Gazete “AB’ye Kırmızı (ışık) Yaktı… Türk Tarafı Birliğin Müdahiliyetinin Yükseltilmesini Reddediyor… Van Nuffel’e Soğuk Duş” başlığıyla manşete çektiği haberinde Türk tarafının Avrupa Birliği’nin Kıbrıs sorununun çözüm prosedürüne katılımının yükseltilmesini reddettiğini yazdı.

Gazete “güvenilir bilgilerini” kaynak gösterdiği haberinde Türk tarafının Nuffel’e, kendisiyle Kıbrıs sorununun bütün yönlerini değil sadece AB’yle ilgili konuları görüşeceğini söylediğini ve Komisyon Başkanı’nın özel temsilcisine, AB başlığına teknik destek verebileceğine ve AB’nin bazı güven yaratıcı önlemlere yardımcı olabileceğine işaret ettiğini kaydetti.

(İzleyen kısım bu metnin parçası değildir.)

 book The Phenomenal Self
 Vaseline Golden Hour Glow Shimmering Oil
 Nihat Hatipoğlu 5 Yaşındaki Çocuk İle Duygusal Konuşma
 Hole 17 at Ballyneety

“BM GENEL SEKRETRİ DE AB’NİN ROLÜNÜN YÜKSELTİLMESİNİ KABUL ETMİŞKEN BU GELİŞME ÇOK OLUMSUZ”

Avrupa Komisyonu’nun Kıbrıs sorununa müdahil olmak için her iki tarafın da rızasını şart koştuğunu hatırlatarak BM Genel Sekreteri Ban Ki Moon, çözümün AB müktesebatıyla uyumunu denetlemek için AB’nin rolünün yükseltilmesini kabul etmişken bu gelişmenin “çok olumsuz” nitelendirildiğini belirten gazete şunları yazdı:

“Çözümün müktesebata uygunluğunu denetlemek için AB’nin müzakerelerdeki rolünün artırılması Lefkoşa’nın ileri götürdüğü bir tezdi. Edinilen bilgiler, Türk tarafının reddinden sonra, Komisyon Başkanı Jose Manouel Barroso’nun Ankara nezdinde girişimde bulunmasının ihtimal dışı olmadığı yolunda. Barroso, veda ziyaretleri çerçevesinde Haziran ayında Kıbrıs’a gelmeyi planlıyor, gündeminde de AB’nin Kıbrıs sorununa katkısı bulunuyor.

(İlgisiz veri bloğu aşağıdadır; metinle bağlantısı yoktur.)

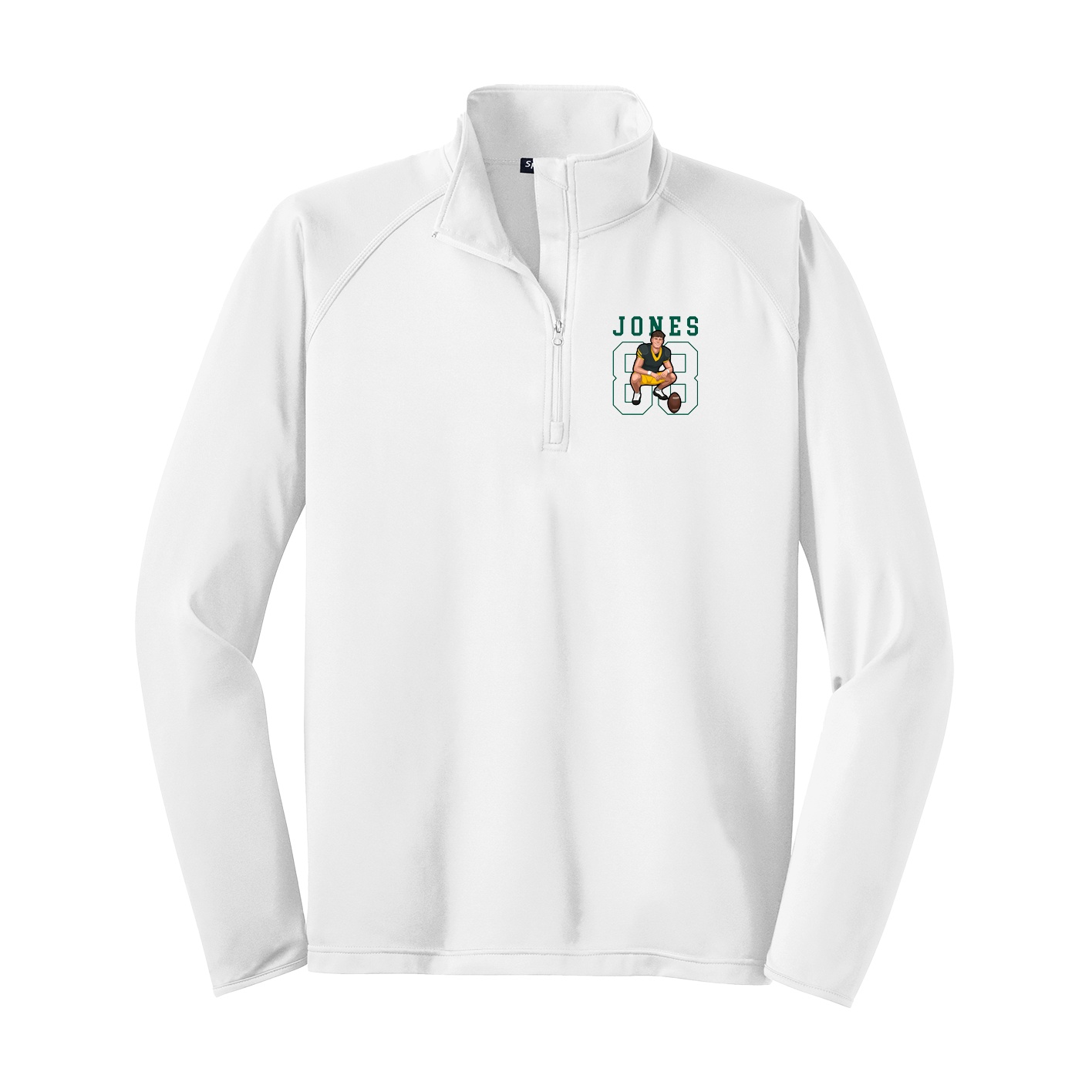 Q-Zip Pullover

Türk tarafı Avrupalı yetkililerle temaslarında şu konuyu ısrarla gündeme getiriyor: Kıbrıs sorununda varılacak herhangi bir anlaşma birincil hukuk olsun. Öğrendiğimize göre Türklerin hedefi, üzerinde mutabakata varılacak AB müktesebatından bazı sapmaların ilânihaye devam etmesini güvence altına almaktır.

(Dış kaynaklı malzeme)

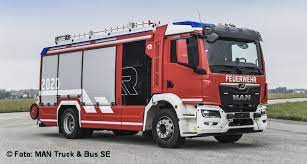 Man tg kamyonlarımızda yeni, su sızdırmayan ve daha büyük soğutma dolabını keşfedin! Neue Man Truck Generation Jetzt Auch Bei Der Feuerwehr Feuerwehr Magazin
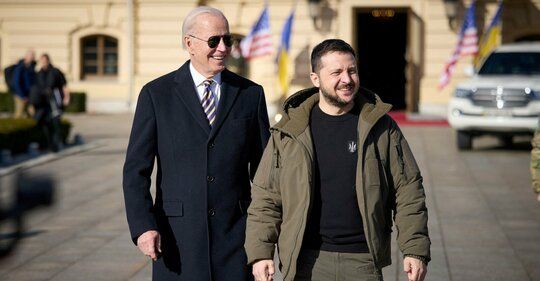 Petr Sokol: Joe Biden jako Kyjevan. Jaký je význam překvapivé návštěvy amerického prezidenta na Ukrajině?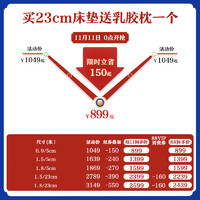 8H 智能石墨烯理疗温暖床垫 Pro版 150*200*23cm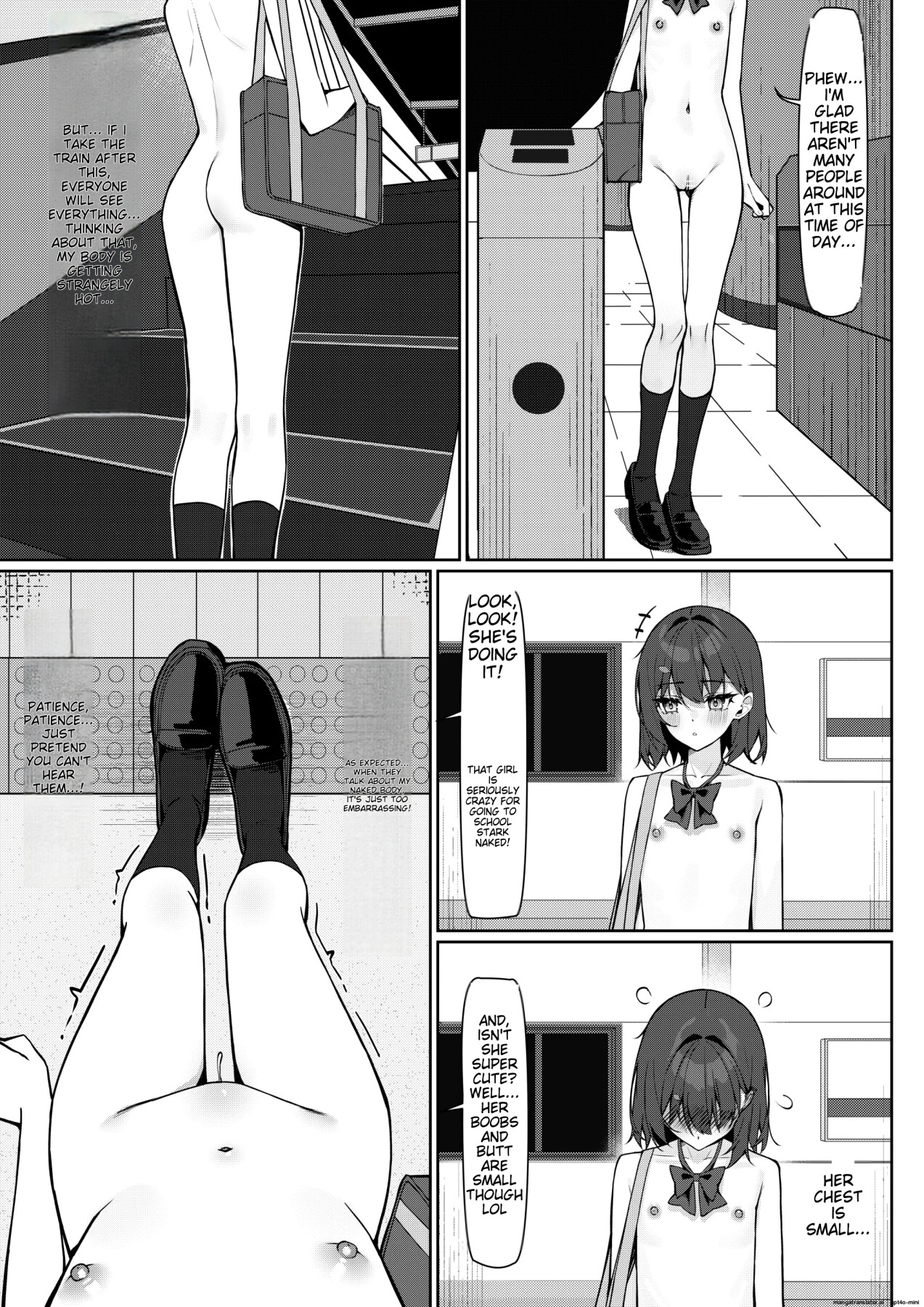 Hentai Manga Comic-Starting today, I'll be going to school naked 1-Read-13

Avrupalı yetkililer muhataplarına, evet, çözüm çerçevesinde müktesebattan sapmalar olabilir diyorlar ancak bunların geçici olabileceğini vurguluyorlar. Anlaşma maddelerinin AB müktesebatıyla uyumu Pieter Van Nuffel’in sorumluluğuydu ancak Türkler istemiyor.”